── Task data ──
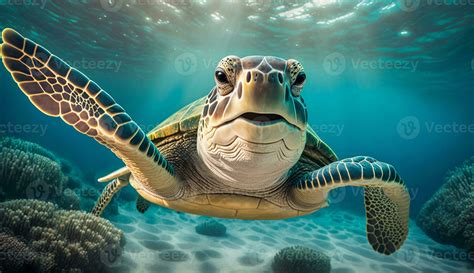 Portrait Of A Happy Sea Turtle Swimming Underwater Generative Ai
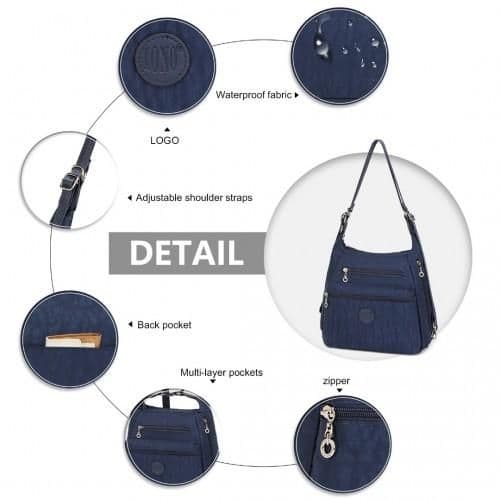 image-EH2063 - Kono Three Way Multipurpose Casual Shoulder Bag With Double Zippers - Navy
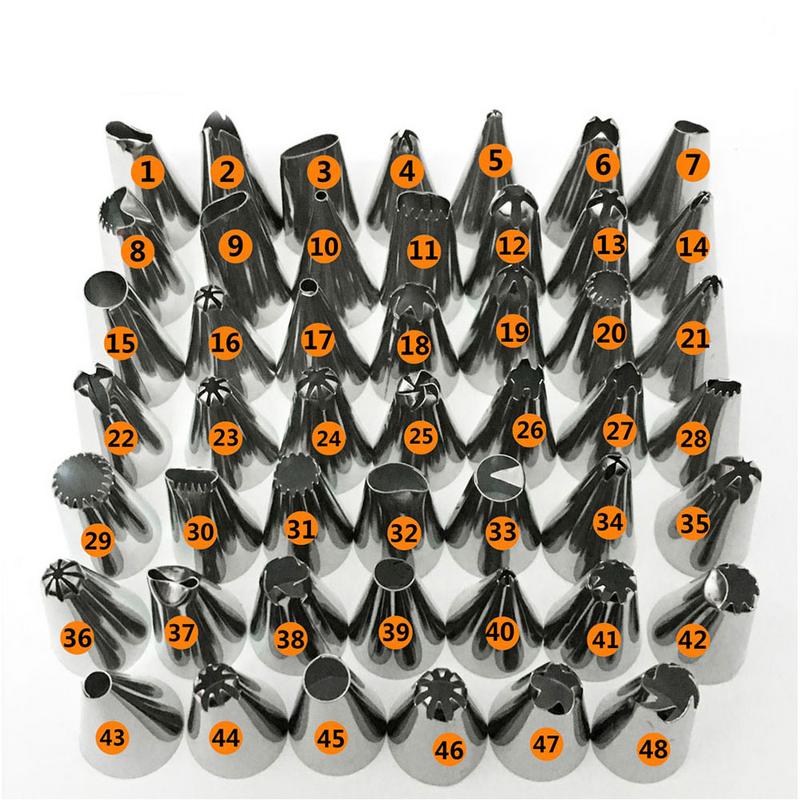 Default Title - 48Pcs/set Cake Decorating Good Quality Stainless steel Icing Piping Nozzles Pastry Tips Set Cake Baking Tools Accessories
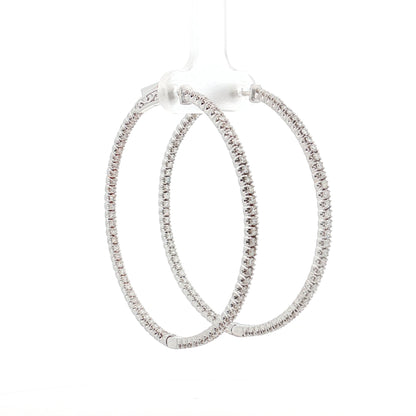 2 Carat Diamond Inside-Out Hoop Earrings in 14k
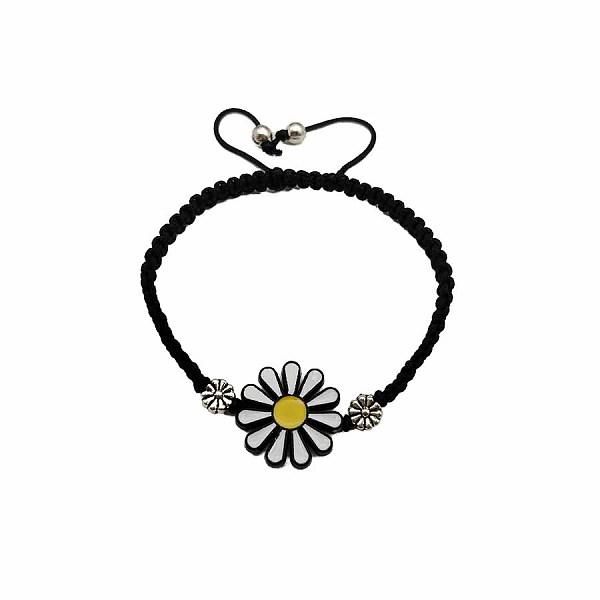 Vintage Ethnischen Stil Geschnitzt Niedlich Verstellbare Harz Blume Geflochtenen Perlen Armbänder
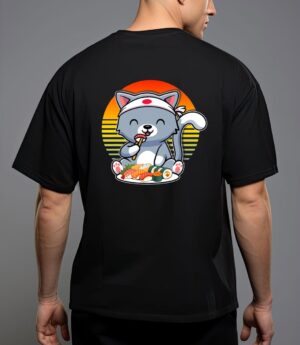 Kawaii anime cat otaku japanese sushi gift girls kids teens premium t-shirt T-Shirt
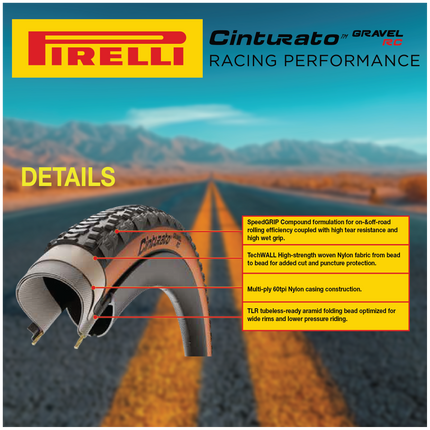 Pirelli Cinturato Gravel RC TLR 45-622 (700 x 45c) Road Bicycle Tire - SpeedGrip Compound, Clincher Type, Tubeless Ready Bike Tire with Keychain 700x45c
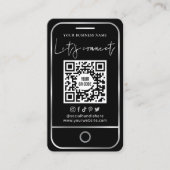 Carte De Visite Médias sociaux modernes Black & Silver Scannable Q (Devant)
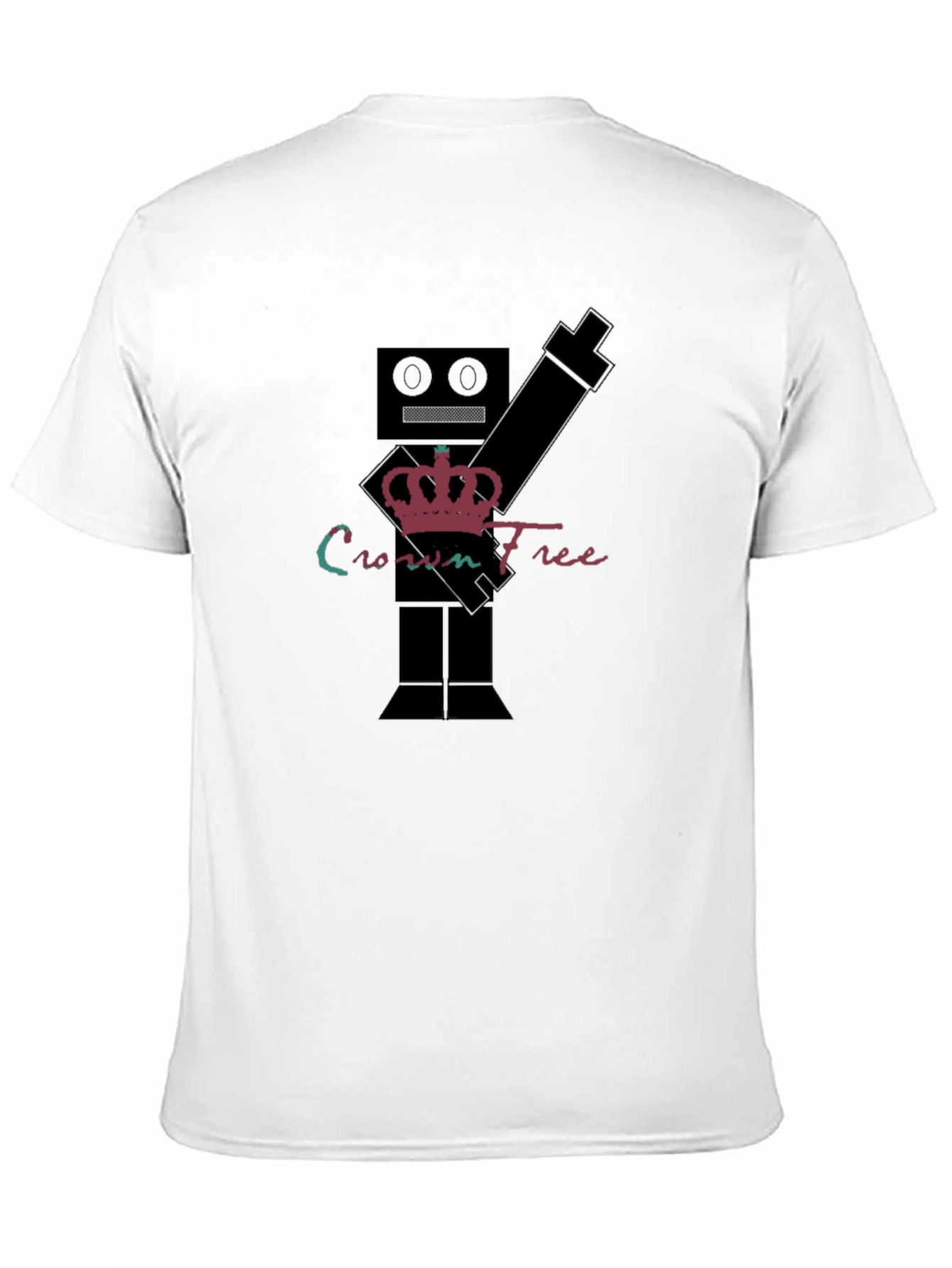 Crown Free Robot T-Shirt - Black Graphic Tee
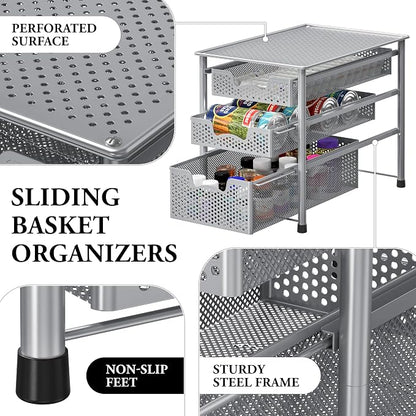 Simple Houseware Stackable 3 Tier Sliding Basket Organizer Drawer - Image 4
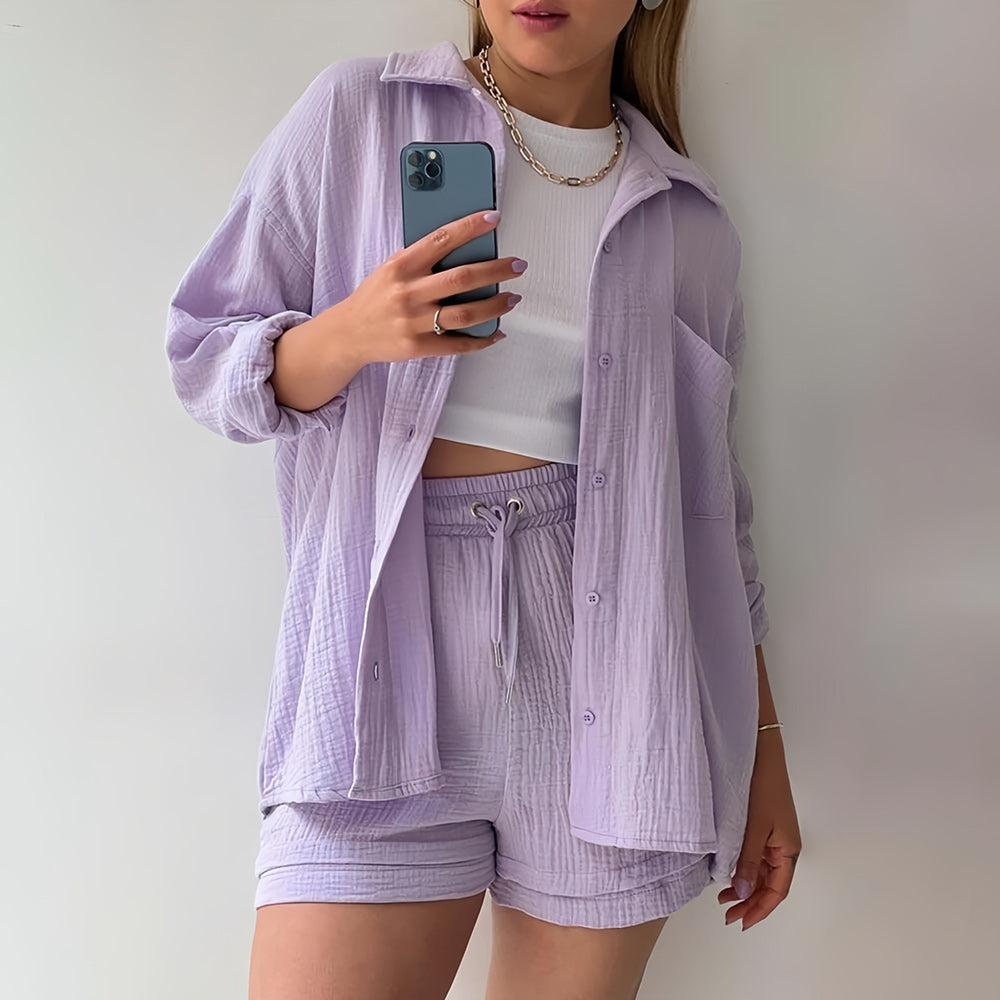 W&W Mode | Sonnenschutz-Shirt-Set für Damen (Langarmshirt + Shorts)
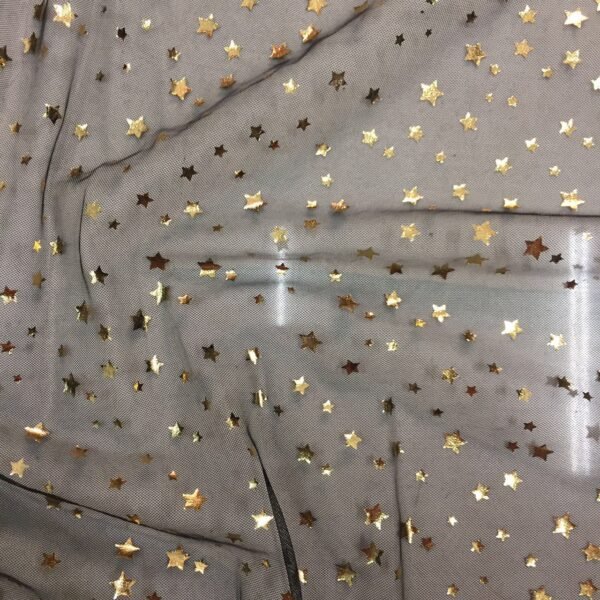 HG6336 Mesh Tulle Net Post-Processing Gold And Silver Foil Printed Little Star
───
Task details. Starting with the line that holds "image-EH2063 - Kono", print each line through the last one of the data exactly as written, but do not include the pictures.

Exercise solution.
 image-EH2063 - Kono Three Way Multipurpose Casual Shoulder Bag With Double Zippers - Navy
 Default Title - 48Pcs/set Cake Decorating Good Quality Stainless steel Icing Piping Nozzles Pastry Tips Set Cake Baking Tools Accessories
 2 Carat Diamond Inside-Out Hoop Earrings in 14k
 Vintage Ethnischen Stil Geschnitzt Niedlich Verstellbare Harz Blume Geflochtenen Perlen Armbänder
 Kawaii anime cat otaku japanese sushi gift girls kids teens premium t-shirt T-Shirt
 Pirelli Cinturato Gravel RC TLR 45-622 (700 x 45c) Road Bicycle Tire - SpeedGrip Compound, Clincher Type, Tubeless Ready Bike Tire with Keychain 700x45c
 Carte De Visite Médias sociaux modernes Black & Silver Scannable Q (Devant)
 Crown Free Robot T-Shirt - Black Graphic Tee
 Simple Houseware Stackable 3 Tier Sliding Basket Organizer Drawer - Image 4
 W&W Mode | Sonnenschutz-Shirt-Set für Damen (Langarmshirt + Shorts)
 HG6336 Mesh Tulle Net Post-Processing Gold And Silver Foil Printed Little Star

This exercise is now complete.